Hyderabad: A team of material scientists and plant biologists from the University of Hyderabad (UoH) and International Advanced Research Centre for Powder Metallurgy and New Materials (ARCI), have developed an industrially viable dry method to generate chemically stable nano-diammonium phosphate (n-DAP) fertiliser that is around 5,000 times smaller in size.
The development can potentially reduce the volumes of fertiliser usage, while increasing phosphate intake capacity of seedlings, a UoH release stated.
After developing it, the team, led by Dr Rahul Kumar, tested the nano fertiliser (n-DAP) as well as the conventional granular fertiliser (c-DAP), on tomato and wheat seedlings. The results demonstrated an extraordinary superiority of nano-DAP fertiliser over the conventional granular DAP (c-DAP).

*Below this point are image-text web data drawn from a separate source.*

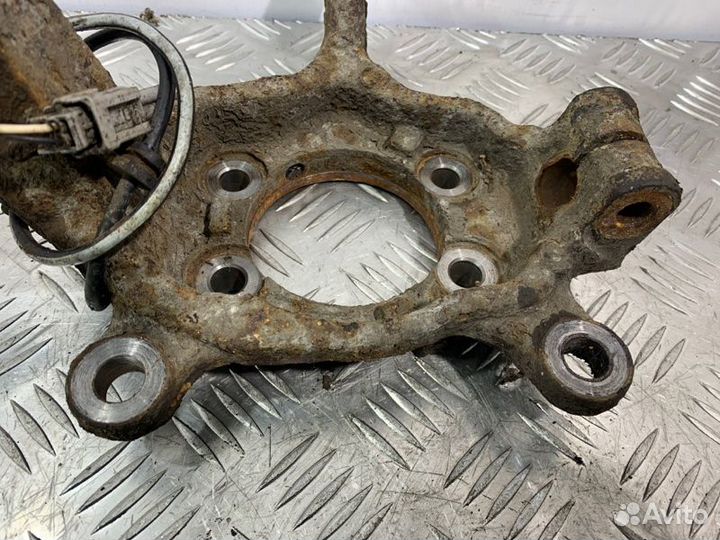 Кулак поворотный передний правый Nissan X-Trail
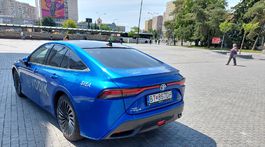 Toyota Mirai je jedno z mála áut na vodík.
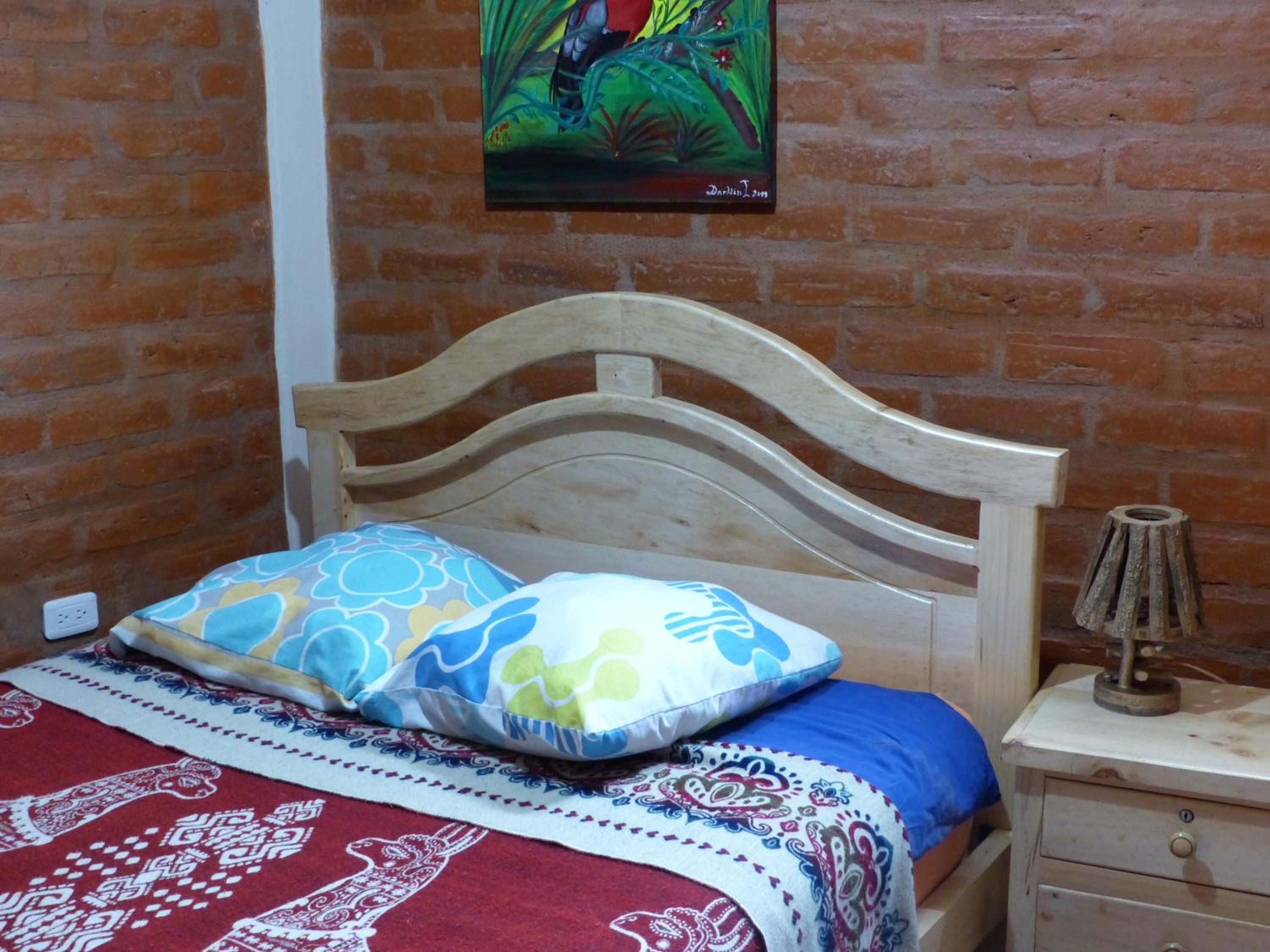 Hostal La Casa Amarilla City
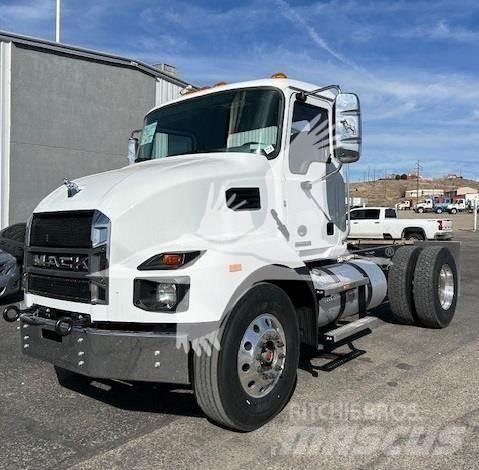 Mack MD7 平板车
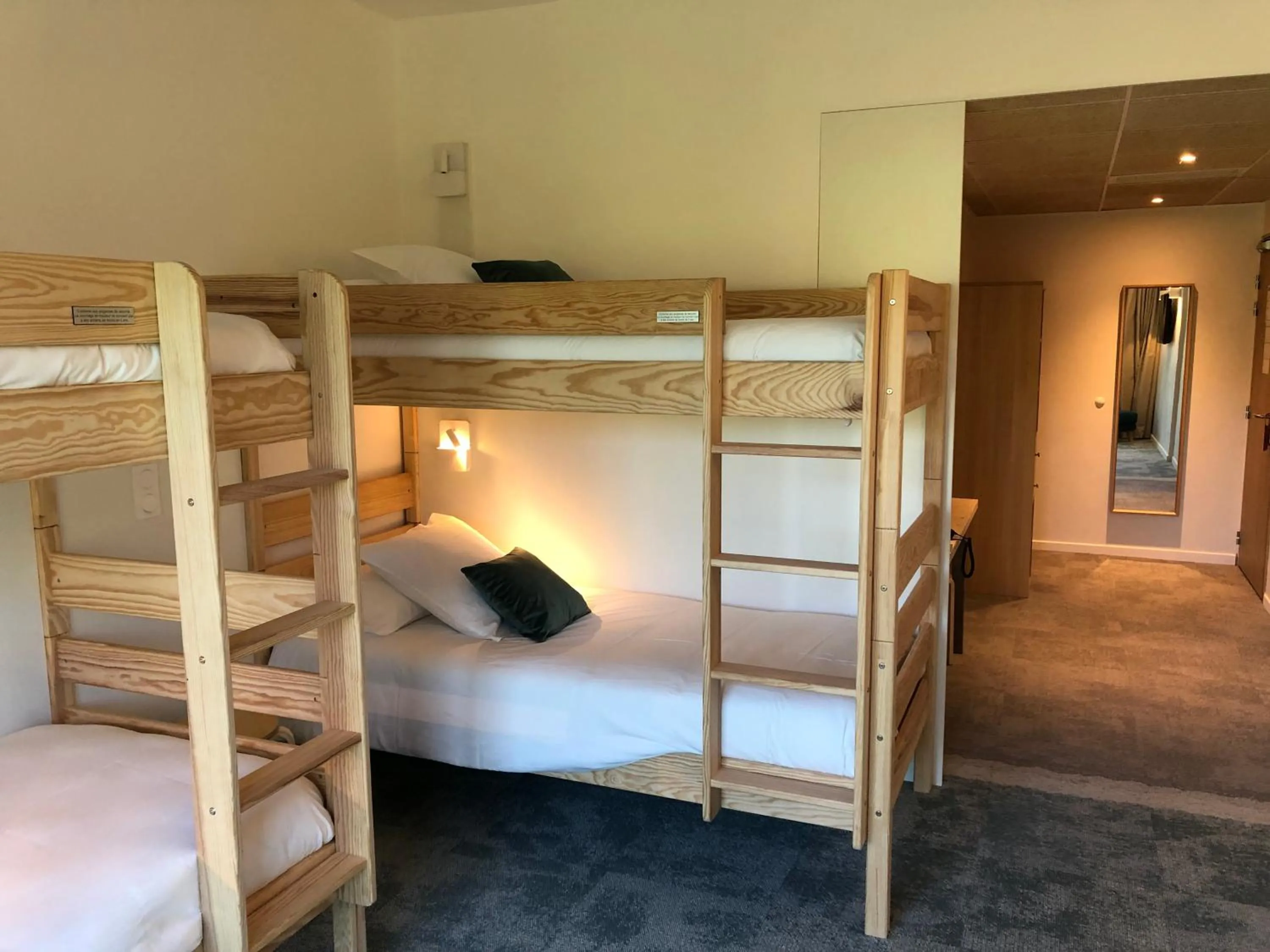 bunk bed, Bed in SHANA Hôtel & Résidence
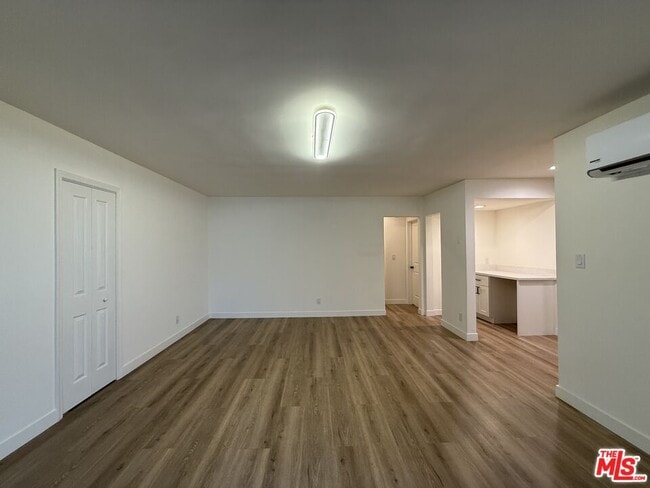 Foto del edificio - 314 S Clark Dr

In the lab-scale experiments, the reduced quantity of nano-DAP fertiliser input than c-DAP promoted the early seedlings growth and development in both crops.
One of the factors that contributed to the enhanced crop productivity during the green revolution and afterward is the application of chemical fertilisers such as Nitrogen, Phosphorus, and Potassium. However, with the excessive use of chemicals, soil quality has been adversely affected over the decades.
Since these resources are limited in availability, and also unevenly distributed globally, nano-fertilisers can make a huge difference in cutting down the volumes of fertilisers used.